RECORDED DATA -
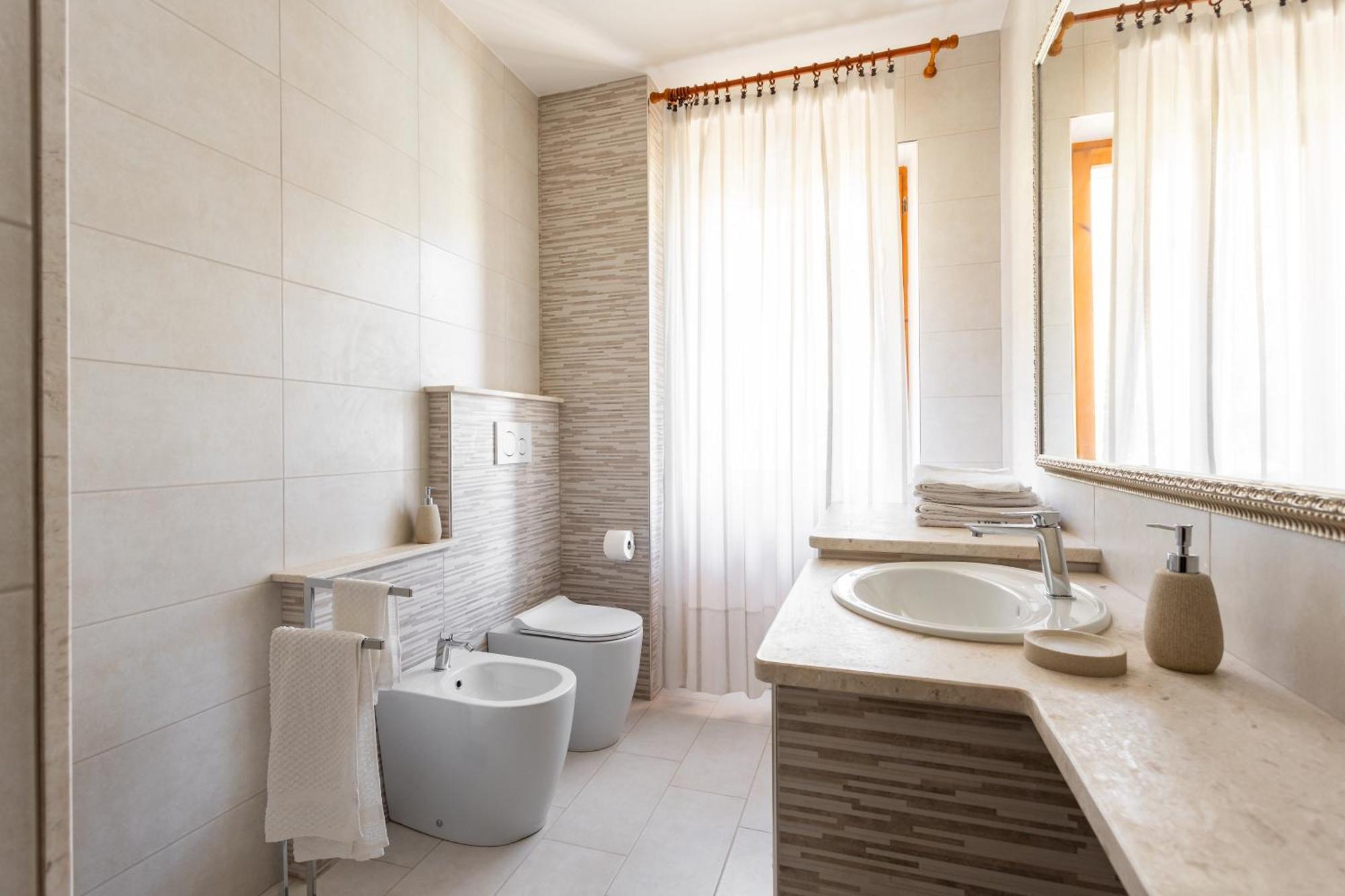 Appartement La Mimosa Garden - Parking Available Alghero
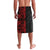 Personalised Samoa 685 Lavalava Siapo Pattern and Samoa Flag Design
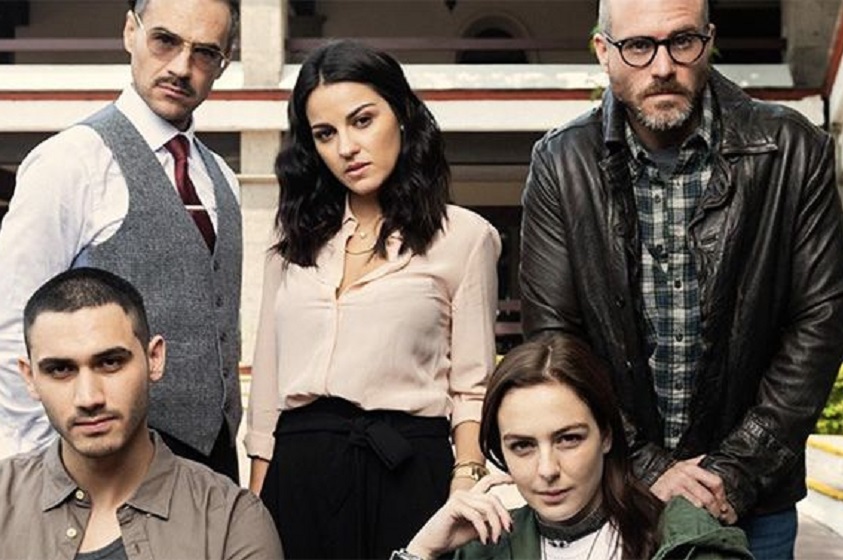 «Oscuro Deseo» es la nueva serie mexicana de suspenso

THE TASK -
Make an exact copy of the data above, pictures excluded.

YOUR SOLUTION -
 Appartement La Mimosa Garden - Parking Available Alghero
 Personalised Samoa 685 Lavalava Siapo Pattern and Samoa Flag Design
 «Oscuro Deseo» es la nueva serie mexicana de suspenso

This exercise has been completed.